- DATA LISTING -
==*==

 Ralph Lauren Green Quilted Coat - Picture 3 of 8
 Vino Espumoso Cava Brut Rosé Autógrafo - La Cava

==*==

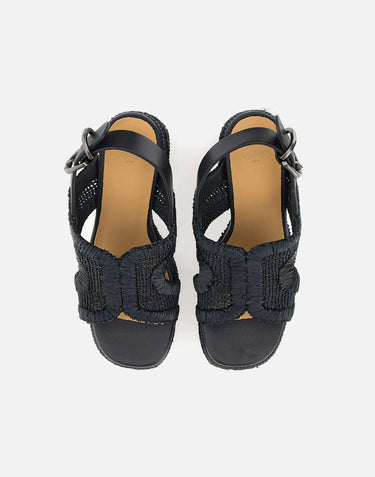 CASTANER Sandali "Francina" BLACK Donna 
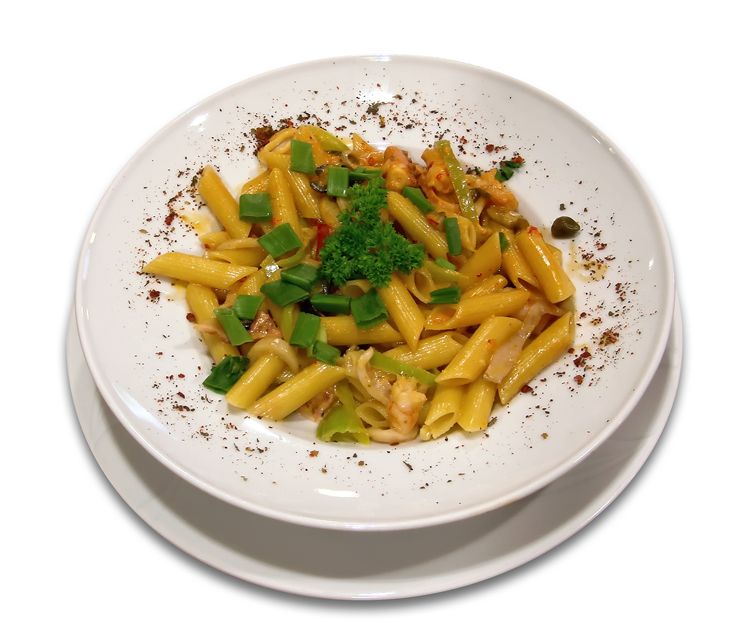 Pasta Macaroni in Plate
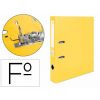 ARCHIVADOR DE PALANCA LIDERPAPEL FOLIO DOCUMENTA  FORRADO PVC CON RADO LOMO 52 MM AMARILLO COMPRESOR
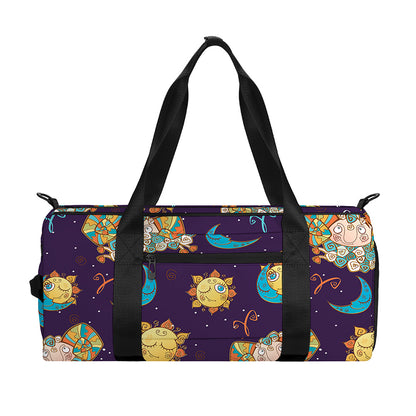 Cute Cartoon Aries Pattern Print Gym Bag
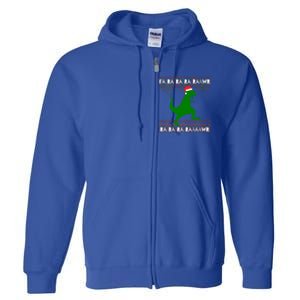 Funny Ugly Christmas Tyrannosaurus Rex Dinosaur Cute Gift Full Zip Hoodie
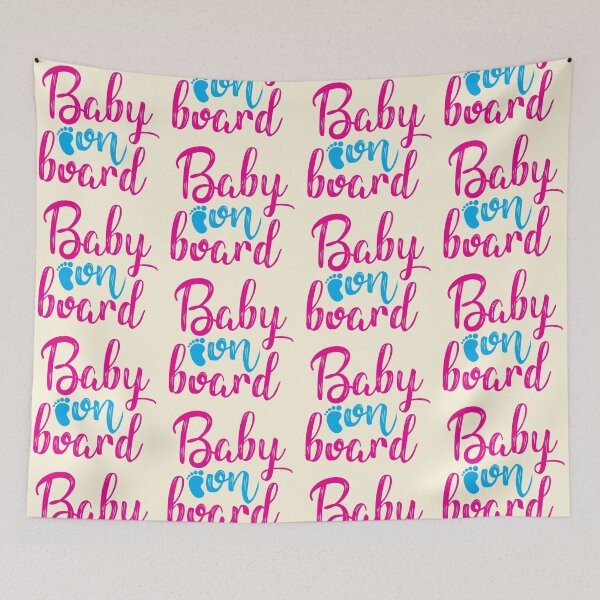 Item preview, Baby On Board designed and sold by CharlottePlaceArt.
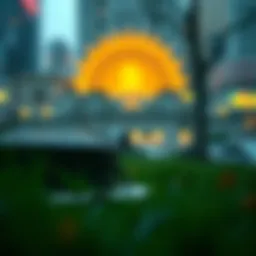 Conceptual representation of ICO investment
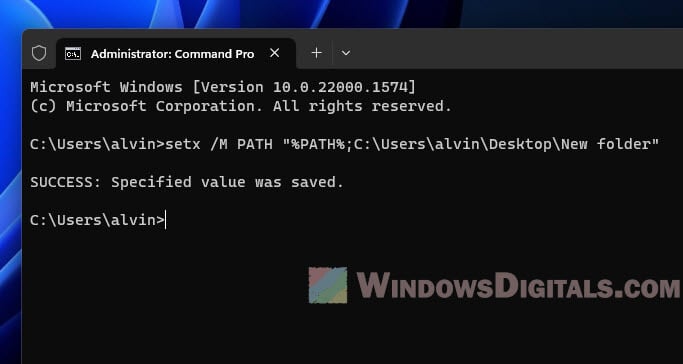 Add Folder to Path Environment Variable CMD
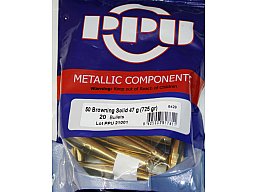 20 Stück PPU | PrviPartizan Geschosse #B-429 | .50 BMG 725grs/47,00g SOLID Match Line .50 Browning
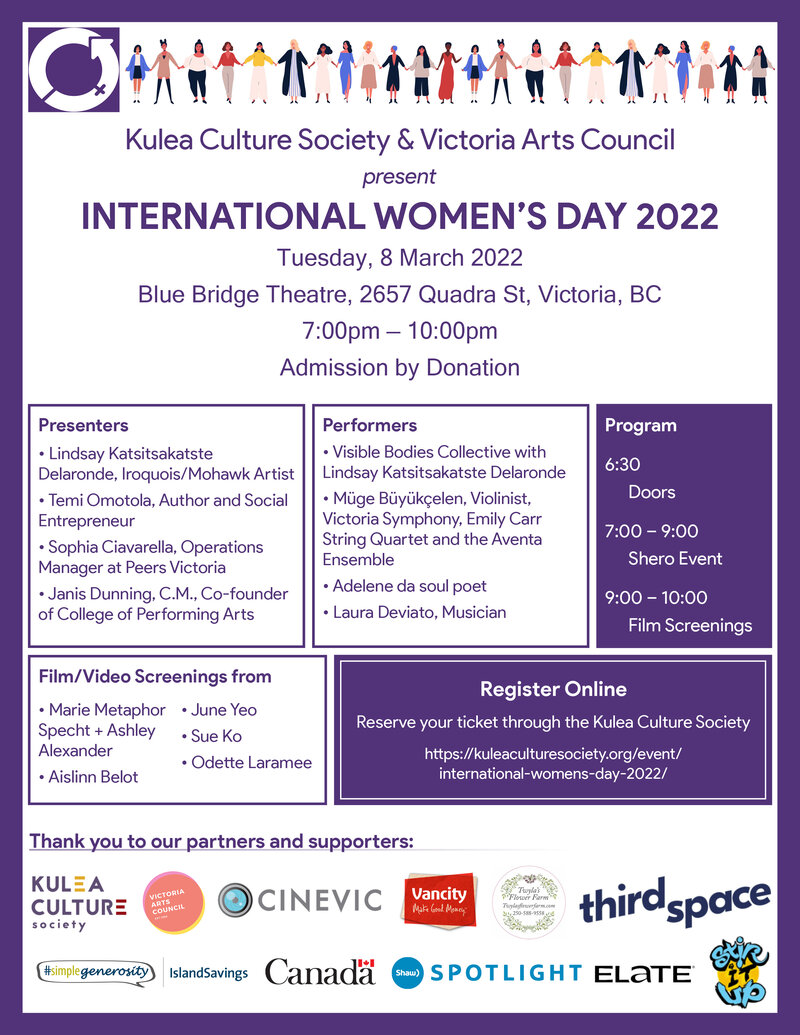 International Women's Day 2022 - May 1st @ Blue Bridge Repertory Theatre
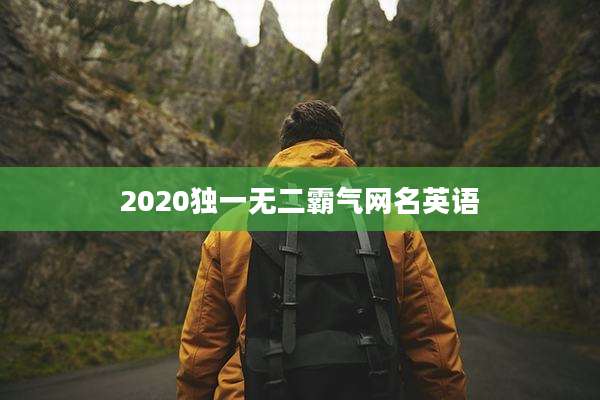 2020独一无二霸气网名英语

==*==

- WHAT THE TASK ASKS -
What you write must match the listing exactly, from the line with "ARCHIVADOR DE PALANCA" up to and including the line with "20 Stück PPU". Pictures stay out.

- SOLUTION FOR THIS EXERCISE -
 ARCHIVADOR DE PALANCA LIDERPAPEL FOLIO DOCUMENTA  FORRADO PVC CON RADO LOMO 52 MM AMARILLO COMPRESOR
 Cute Cartoon Aries Pattern Print Gym Bag
 Funny Ugly Christmas Tyrannosaurus Rex Dinosaur Cute Gift Full Zip Hoodie
 Item preview, Baby On Board designed and sold by CharlottePlaceArt.
 Conceptual representation of ICO investment
 Add Folder to Path Environment Variable CMD
 20 Stück PPU | PrviPartizan Geschosse #B-429 | .50 BMG 725grs/47,00g SOLID Match Line .50 Browning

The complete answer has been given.